_SUPPLIED MATERIAL_.
########

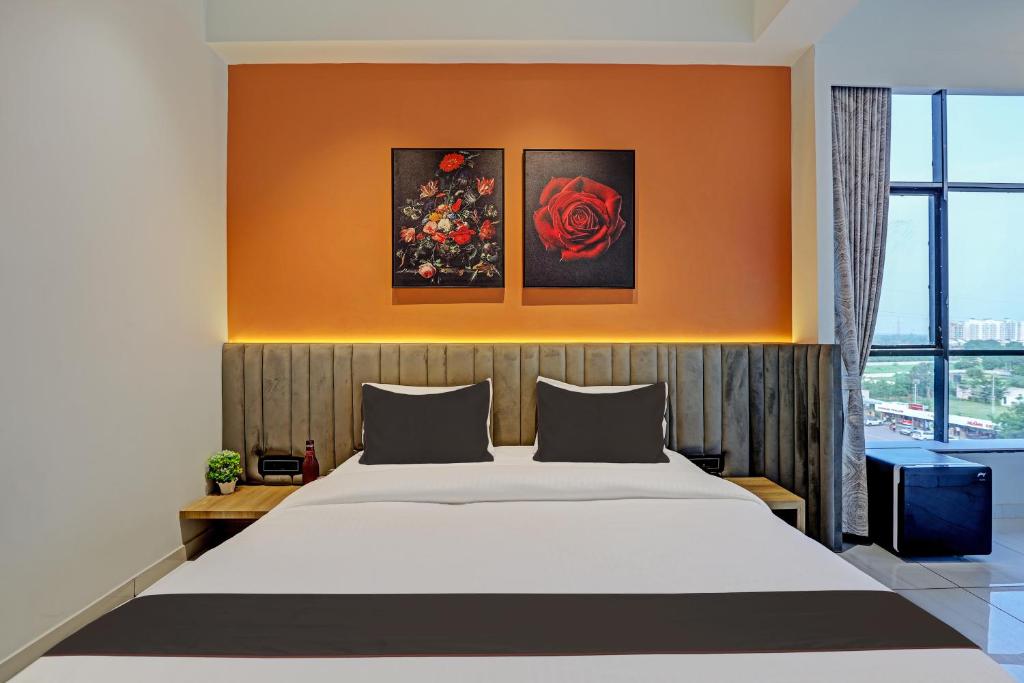 Postel nebo postele na pokoji v ubytování HOTEL LEE PLATINUM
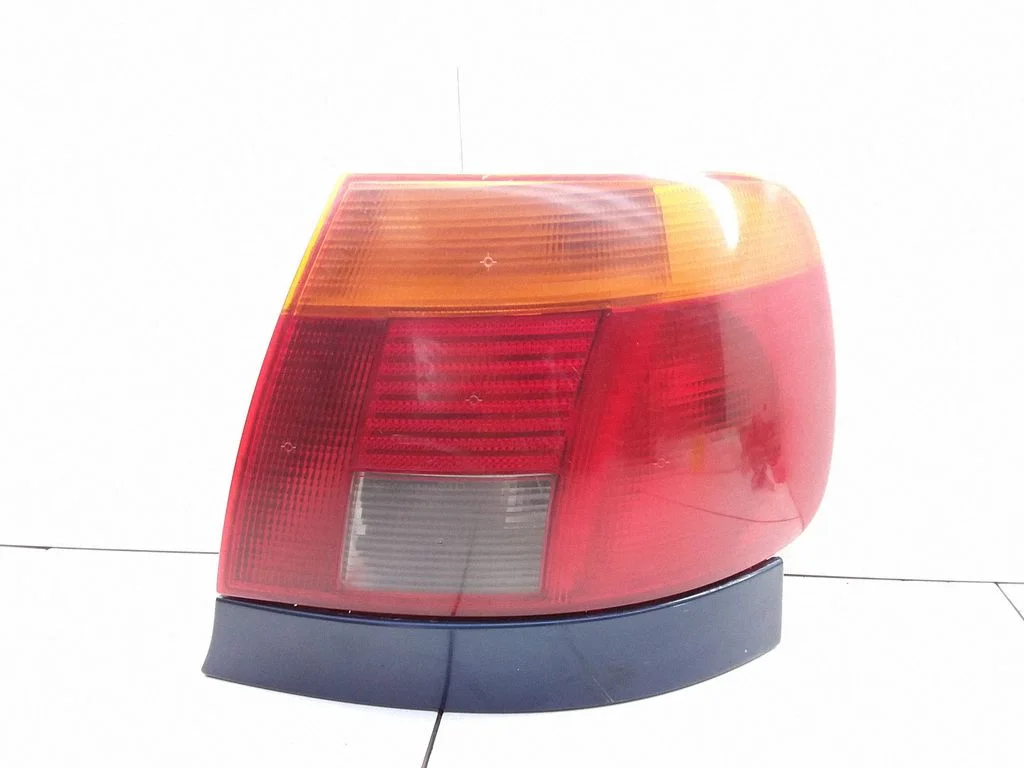 Rear/tail lights – Audi A4 S4 B5 8D (1994-1999)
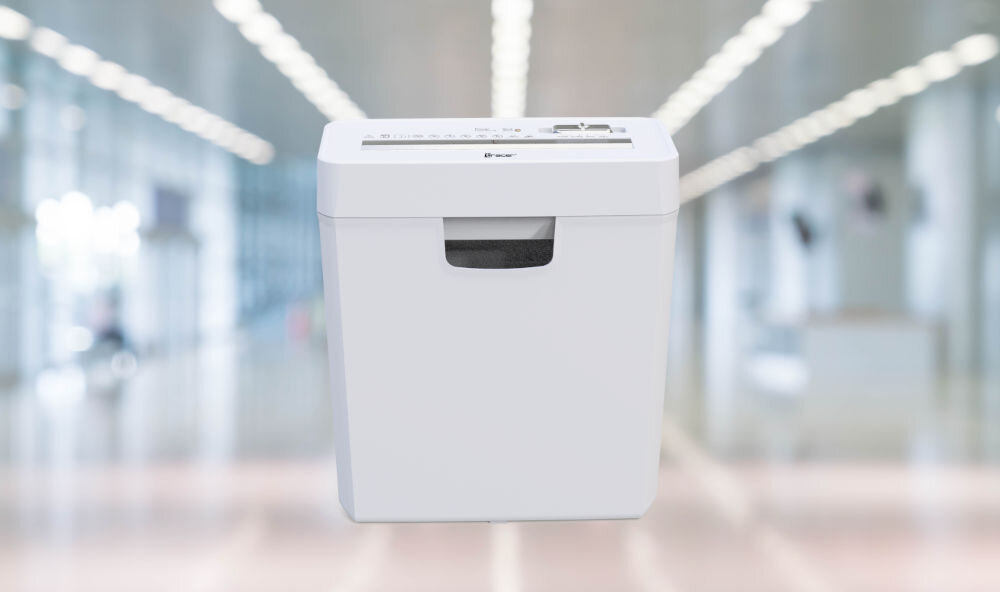 Niszczarka TRACER Razor 3 10 L, P-2, Paski, Automatyczny Start/Stop, Funkcja cofania Biały prezentacja niszczarki na rozmazanym tle biura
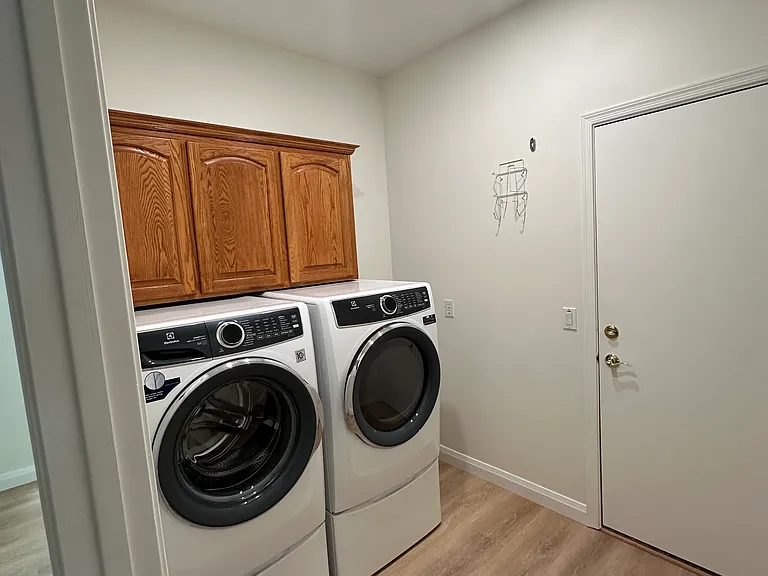 2530 E Menlo St — Photo 8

########

_WHAT YOU NEED TO DO_.
Leaving the pictures aside, transcribe only the lines from the one containing "Rear/tail lights –" to the final line of the listing above, inclusive, exactly as they appear.

_EXERCISE RESULT_.
 Rear/tail lights – Audi A4 S4 B5 8D (1994-1999)
 Niszczarka TRACER Razor 3 10 L, P-2, Paski, Automatyczny Start/Stop, Funkcja cofania Biały prezentacja niszczarki na rozmazanym tle biura
 2530 E Menlo St — Photo 8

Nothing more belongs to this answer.